The county, as well as the municipal governments of each city in Lincoln County, will have new FEMA flood insurance rate maps that will take effect Oct. 18. This could affect flood insurance for an estimated 12,000 homeowners along the coast, and for some who aren’t required to have flood insurance now, they could find themselves required to buy a new policy.
According to a draft press release from FEMA, some of the changes that can come with new flood insurance rate maps may mean a mortgage lender can issue a letter to a homeowner without flood insurance in a flood hazard area, telling that homeowner to buy flood insurance within 45 days.

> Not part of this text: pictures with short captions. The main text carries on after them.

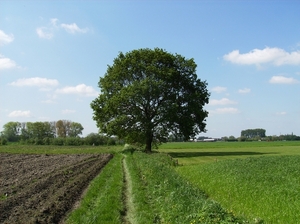 Baasrode Mei 2012 011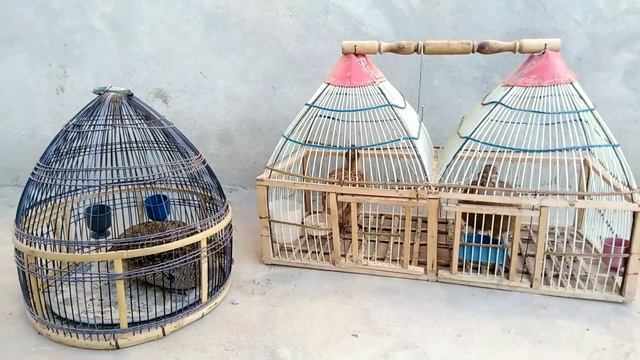 Teetar voice  dakhni teetar calling  irani female teetar voice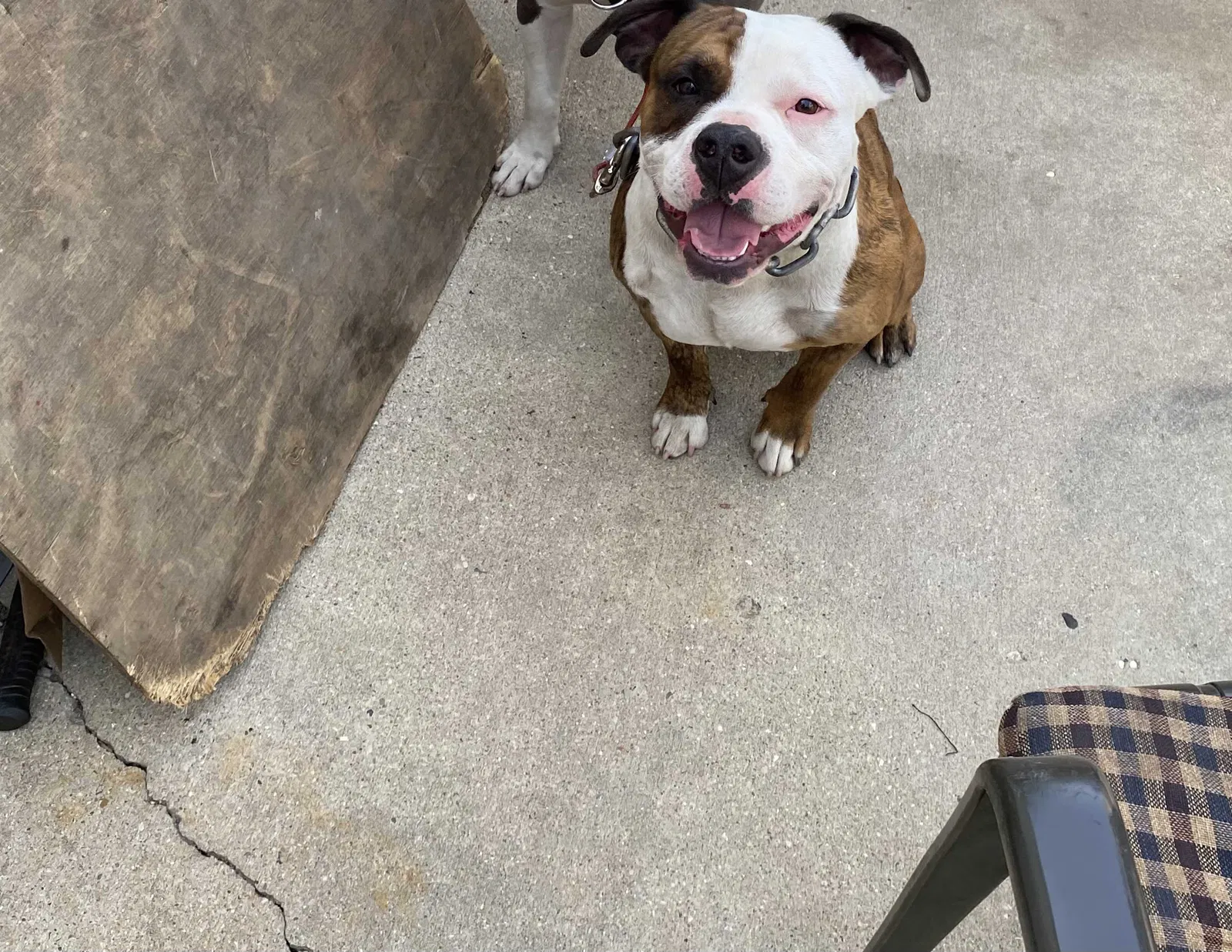 Lost dog in Milwaukee, WI, 53206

If the homeowner doesn’t abide by the timeline, the mortgage lender can force-place flood insurance on that property, which can be more expensive than a flood insurance policy taken out by the homeowner themselves. Those who already have flood insurance policies can get a lower-cost flood insurance policy from the National Flood Insurance Program, what FEMA calls “grandfathering” a policy.
“The easiest way to take advantage of grandfathering rules is to purchase a policy before the new maps take effect,” the statement from FEMA read.
According to Herbage, one action county officials have to take before the Oct. 18 rollout is impose a Measure 56 notice, which would allow officials to send notices out to homeowners in the county notifying property owners of the new flood rate insurance rules and what happens next.
“This is a huge thing because we’re talking about the flood hazard ordinances, and this will involve thousands of notices,” said Herbage. “What it means is that the maps are being redone, and in many instances, there won’t be a change, but in many instances there will or could be. I think we should take the conservative approach in that some property is in an area that could be affected by the maps.”
While some county staffers want to send notices out to every property owner that could see a change in their flood insurance rates, at least one county commissioner wants to determine who will and who will not see a change in flood insurance rates.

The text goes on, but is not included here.